- Excerpted data
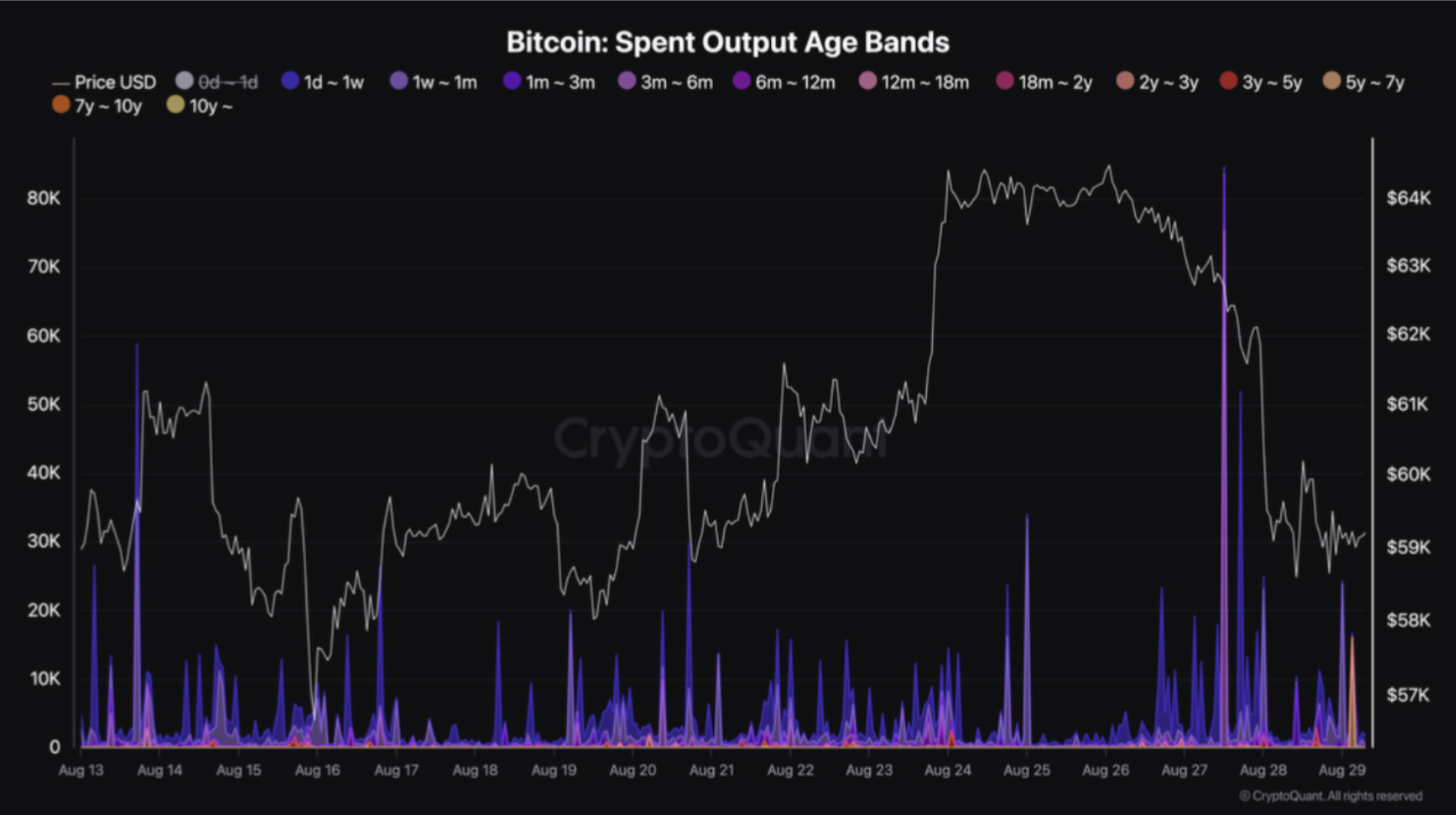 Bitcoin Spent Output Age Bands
...
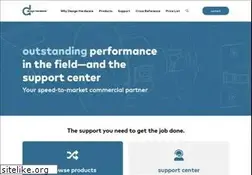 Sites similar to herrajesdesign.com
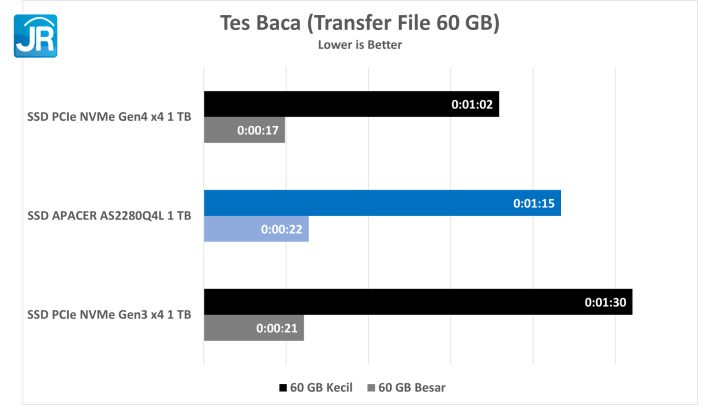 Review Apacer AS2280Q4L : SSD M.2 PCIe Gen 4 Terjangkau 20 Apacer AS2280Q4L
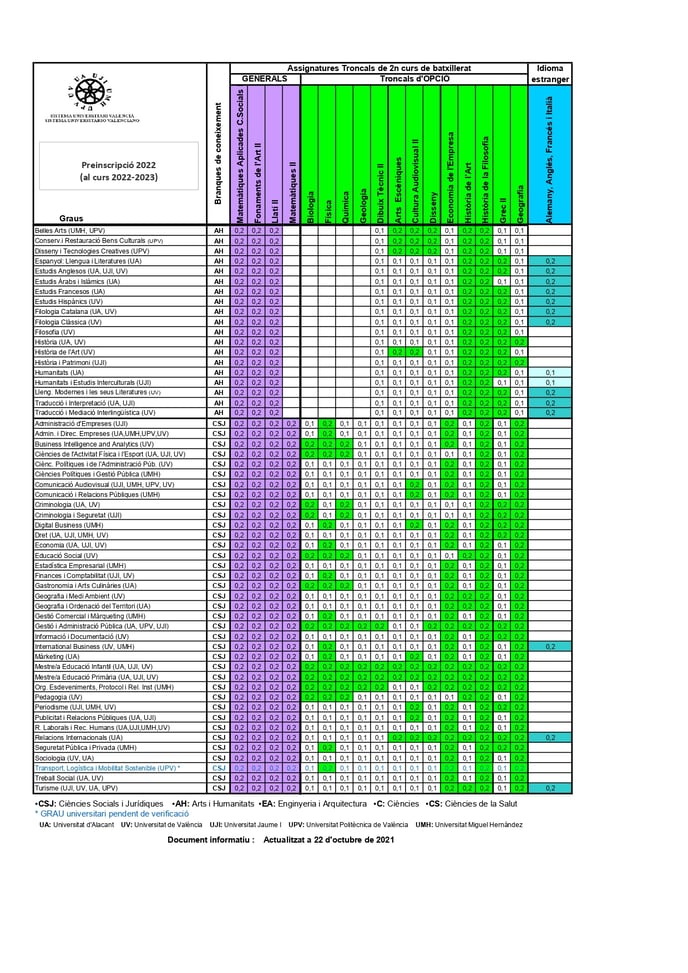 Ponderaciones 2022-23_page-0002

- What the task requires
The answer is those lines of the material above that run from the one containing "Sites similar to herrajesdesign.com" up to and including the one containing "Ponderaciones 2022-23_page-0002", restated exactly and without images.

- Reply
 Sites similar to herrajesdesign.com
 Review Apacer AS2280Q4L : SSD M.2 PCIe Gen 4 Terjangkau 20 Apacer AS2280Q4L
 Ponderaciones 2022-23_page-0002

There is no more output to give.